I didn't need O2 when I came up.

----------


## MIke R

you never came up to the house....you and I ate  down in the valley in Silverthorne....8500-9000 feet...

only new borns need O2

----------


## andynap

Gee only 9000 feet. Gasp. I did Pike's Peak driving- scary going up with all the switchbacks and no guardrail- 11000 feet.

----------


## MIke R

yeah hardly any  guardrails anywhere...the road from Keystone to Loveland over the top of the divide is that way too

----------


## MIke R

my gymnasium was at 9860'....gave new meaning to the words "home court advantage"....LOL

we couldnt wait for the 4th quarter

I put the elevation on both free throw lines and I put up a big sign over the bleachers which said "BREATH DEEP -9860"

----------


## Petri

> they tell me it is the highest elevation you can live, in the lower 48



La Paz, the administrative capital of Bolivia, is at almost 12.000ft with it's 2.4 million people.
There's also La Rinconada in Peru with it's 30.000 people at 16.700ft.

But I'll take the O2 :)

----------


## MIke R

what I used to love about living in elevation is when I came down to sea level at the Cape for the summer, my stamina was off the charts...couldn't  get tired....Doc explained to me that over time at elevation your lungs develop and grow new bundles of alveoli to convert as much 02 as possible in a low 02 environment, so at sea level your cardio/pulmonary system is super efficient.....

----------


## MIke R

Sunday, November 27, 2011

200 people stranded by winds at Keystone restaurant

Patrons stuck overnight Friday at The Outpost on top of North Peak

By Janice Kurbjun
Summit Daily News


Roughly 200 people spent a night at a Keystone Resort mountain restaurant Friday after wind gusts prevented the gondolas from operating and poor visibility prevented vehicles like snowcats and snowmobiles from being sent up to bring the patrons down.

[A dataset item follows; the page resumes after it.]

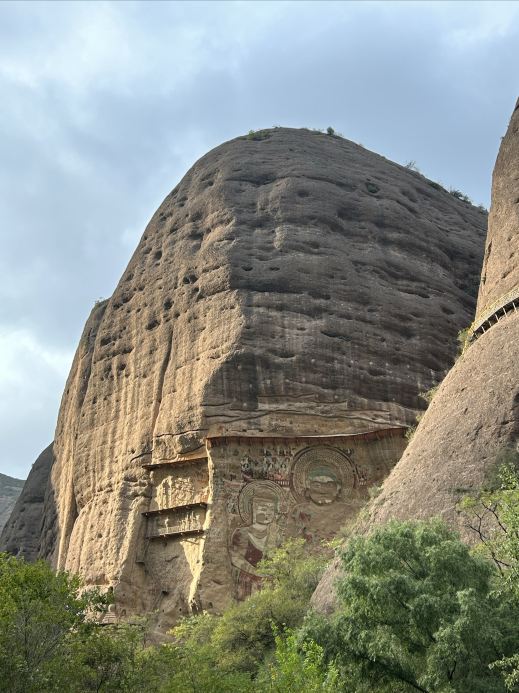 Cliff Carvings, the World's Largest, Danxia Cliffs, Millennium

According to a Vail Resorts press release, winds were higher than predicted, with gusts up to 70 miles per hour.

The group was stuck overnight Friday at The Outpost on top of North Peak, which includes Alpenglow Stube and the Fondue Castle, said Keystone spokeswoman Justine Spence. Patrons told KUSA-TV some people tried sleeping on chairs and on the floors with blankets handed out by the resort.

Stranded patron Carolina Vega-Neff says her children passed some of the time playing board games and talking to people.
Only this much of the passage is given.